- The records
==============================

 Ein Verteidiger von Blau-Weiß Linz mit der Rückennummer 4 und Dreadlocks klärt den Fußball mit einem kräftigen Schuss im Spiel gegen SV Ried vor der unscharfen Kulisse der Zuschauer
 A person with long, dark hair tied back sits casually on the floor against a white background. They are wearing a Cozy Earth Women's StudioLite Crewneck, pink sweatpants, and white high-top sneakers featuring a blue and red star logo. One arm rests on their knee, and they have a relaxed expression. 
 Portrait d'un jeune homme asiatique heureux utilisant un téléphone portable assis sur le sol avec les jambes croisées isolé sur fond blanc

==============================

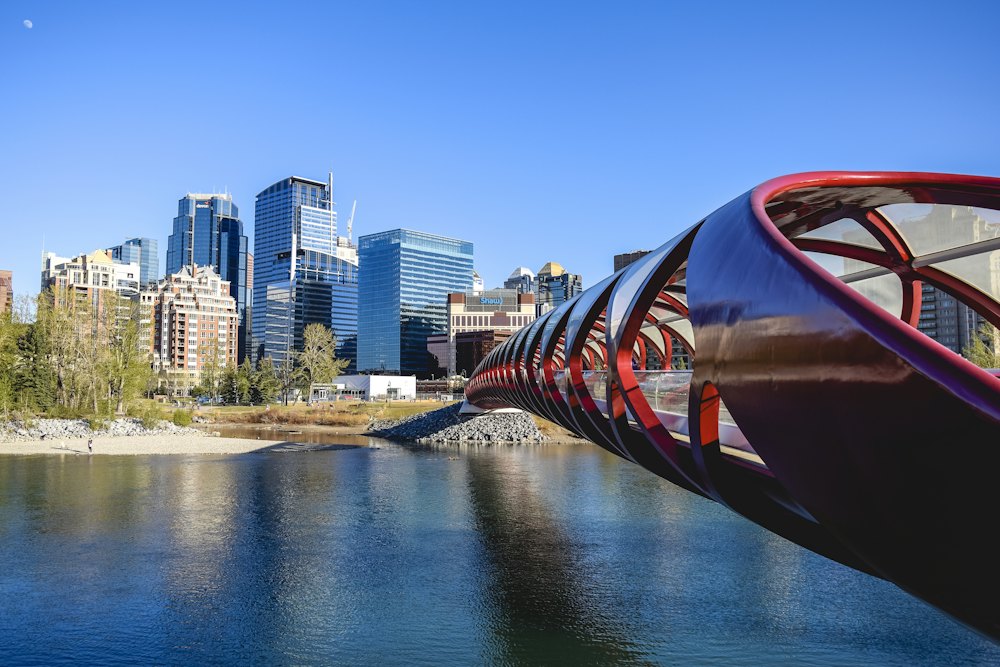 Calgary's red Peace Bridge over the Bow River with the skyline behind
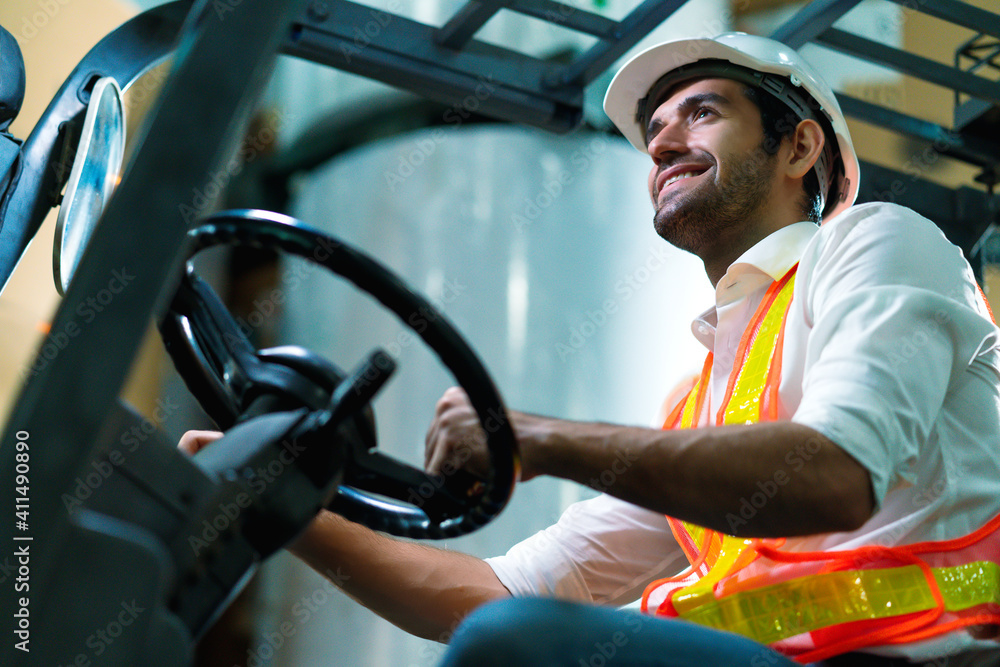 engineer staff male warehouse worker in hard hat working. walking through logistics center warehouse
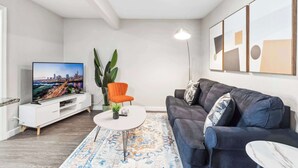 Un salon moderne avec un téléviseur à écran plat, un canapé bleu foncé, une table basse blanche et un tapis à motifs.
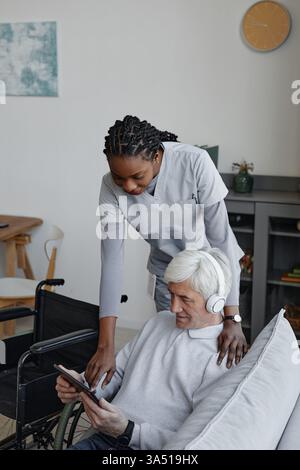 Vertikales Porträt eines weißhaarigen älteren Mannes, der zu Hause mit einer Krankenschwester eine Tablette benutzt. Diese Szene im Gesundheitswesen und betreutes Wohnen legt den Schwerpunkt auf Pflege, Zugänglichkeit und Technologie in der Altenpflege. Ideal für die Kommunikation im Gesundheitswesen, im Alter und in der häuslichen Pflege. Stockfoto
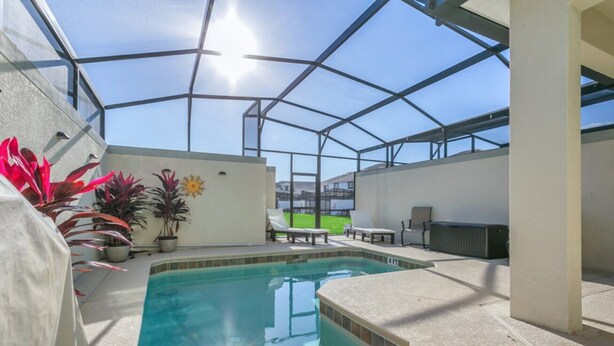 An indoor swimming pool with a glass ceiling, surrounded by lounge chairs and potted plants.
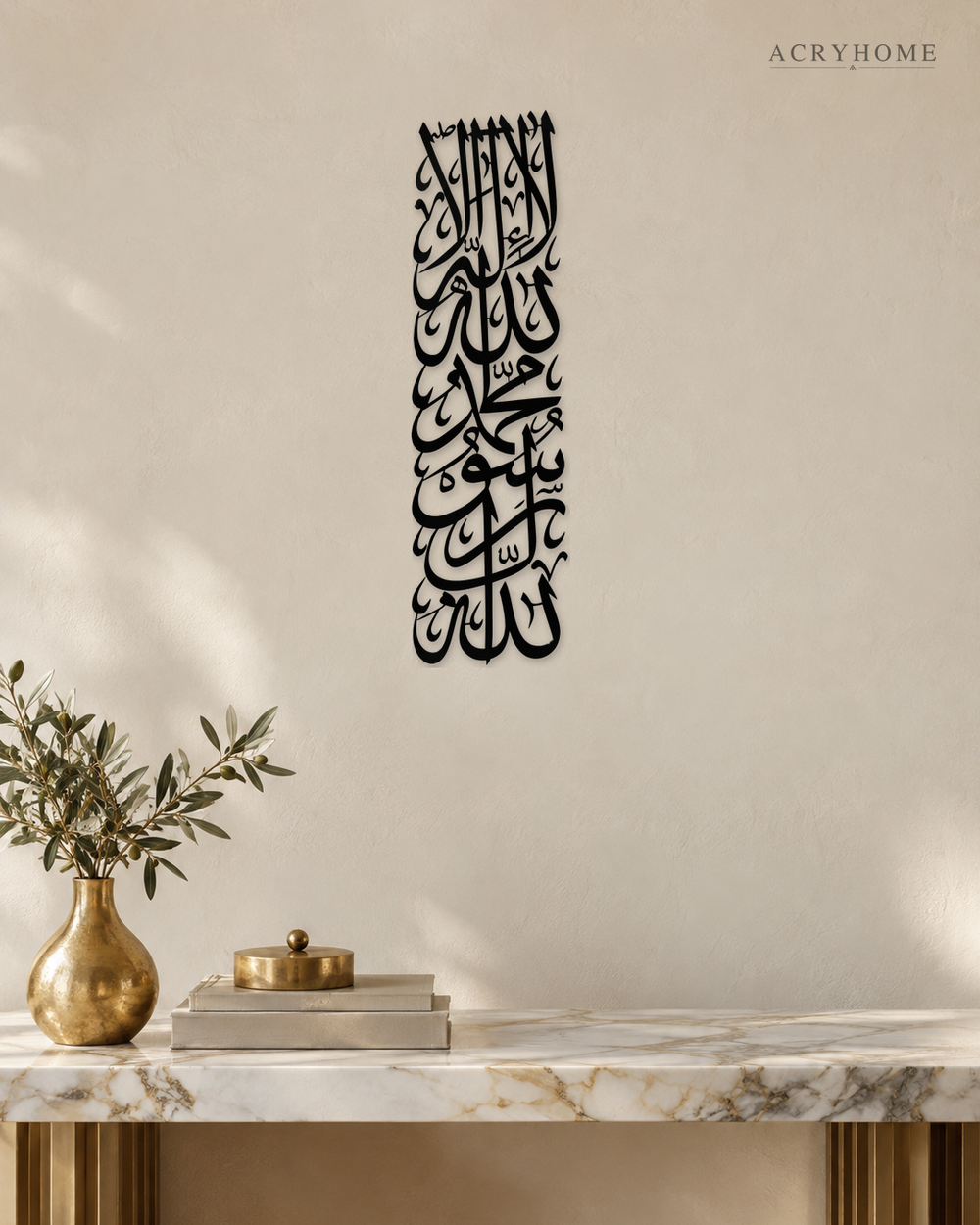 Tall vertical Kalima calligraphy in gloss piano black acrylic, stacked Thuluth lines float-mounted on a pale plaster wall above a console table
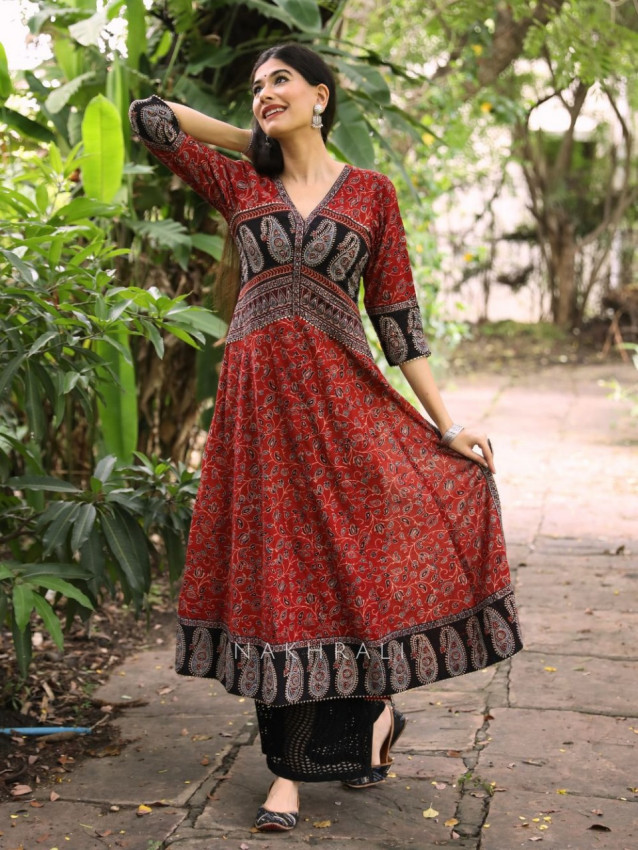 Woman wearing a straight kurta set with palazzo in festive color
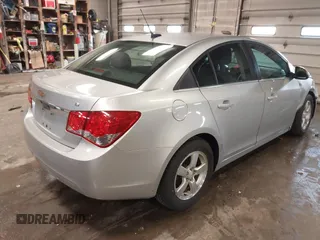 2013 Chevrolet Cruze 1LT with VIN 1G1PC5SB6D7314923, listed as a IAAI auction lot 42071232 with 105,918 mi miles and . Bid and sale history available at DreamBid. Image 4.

==============================

- Assigned task
Repeat, exactly as they stand above, the lines from the line with "Ein Verteidiger von" to the line with "Portrait d'un jeune", both lines included.

- Exercise result
 Ein Verteidiger von Blau-Weiß Linz mit der Rückennummer 4 und Dreadlocks klärt den Fußball mit einem kräftigen Schuss im Spiel gegen SV Ried vor der unscharfen Kulisse der Zuschauer
 A person with long, dark hair tied back sits casually on the floor against a white background. They are wearing a Cozy Earth Women's StudioLite Crewneck, pink sweatpants, and white high-top sneakers featuring a blue and red star logo. One arm rests on their knee, and they have a relaxed expression. 
 Portrait d'un jeune homme asiatique heureux utilisant un téléphone portable assis sur le sol avec les jambes croisées isolé sur fond blanc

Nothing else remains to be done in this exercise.